Equivalence of Euclidean norm used in Ostrowski's Theorem

Question

In a proof of Ostrowski's theorem (The only nontrivial norms on $\mathbb{Q}$ are $\|\cdot\|_{p}$ and $\|\cdot\|_{\infty}$), we come to the point where we have shown a certain norm, $\|\cdot\|$, has $\|n\|=n^{\alpha}$ for all natural numbers $n$ and a posititve constant $\alpha$. How is it that we can immediately conclude that $\|\cdot\|$ is equivalent to $\|\cdot\|_{\infty}$? (Two norms are equivalent if they induce equivalent metrics. Two metrics are equivalent if they have the same Cauchy sequences.) Thank you for any help or insight you can give.

Answer 1

Given $\| n \| = n^{\alpha}$ and the property $\| x y \| = \| x \| \cdot \|y \|$, we can derive $\| x \| = \| x \|_{\infty}^{\alpha}$ for all $x \in \mathbb Q$. To prove this, take $x = \frac{m}{n}$, or $m = x \cdot n$; then $\| m \| = \| x \| \cdot \| n \|$.

It remains to show that if two norms $\| \cdot \|$ and $\| \cdot \|_{\infty}$ on a field are (positive) powers of each other, then they are topologically equivalent.

Suppose the sequence $(x_n)$ is Cauchy w.r.t. $\| \cdot \|$. Therefore, given $\varepsilon > 0$, there exists $N$ such that for all $n, m \geqslant N$, we have $\| x_n - x_m \| \leqslant \varepsilon$. Therefore, $\| x_n - x_m \|_{\infty}^{\alpha} \leqslant \varepsilon$, or $\| x_n - x_m \|_{\infty} \leqslant \varepsilon^{1/\alpha}$ for all $n, m \geqslant N$. Since the final statement is true for all $\varepsilon > 0$, it follows that $(x_n)$ is Cauchy w.r.t. $\| \cdot \|_{\infty}$.

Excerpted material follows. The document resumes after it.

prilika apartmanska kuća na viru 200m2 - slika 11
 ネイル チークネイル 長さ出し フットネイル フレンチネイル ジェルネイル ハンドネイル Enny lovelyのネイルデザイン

Reversing the above argument, we conclude that if $(x_n)$ is Cauchy w.r.t. $\| \cdot \|_{\infty}$, then it is Cauchy w.r.t. $\| \cdot \|$ as well. Thus the norms $\| \cdot \|$ and $\| \cdot \|_{\infty}$ have the same set of Cauchy sequences; i.e., they are topologically equivalent.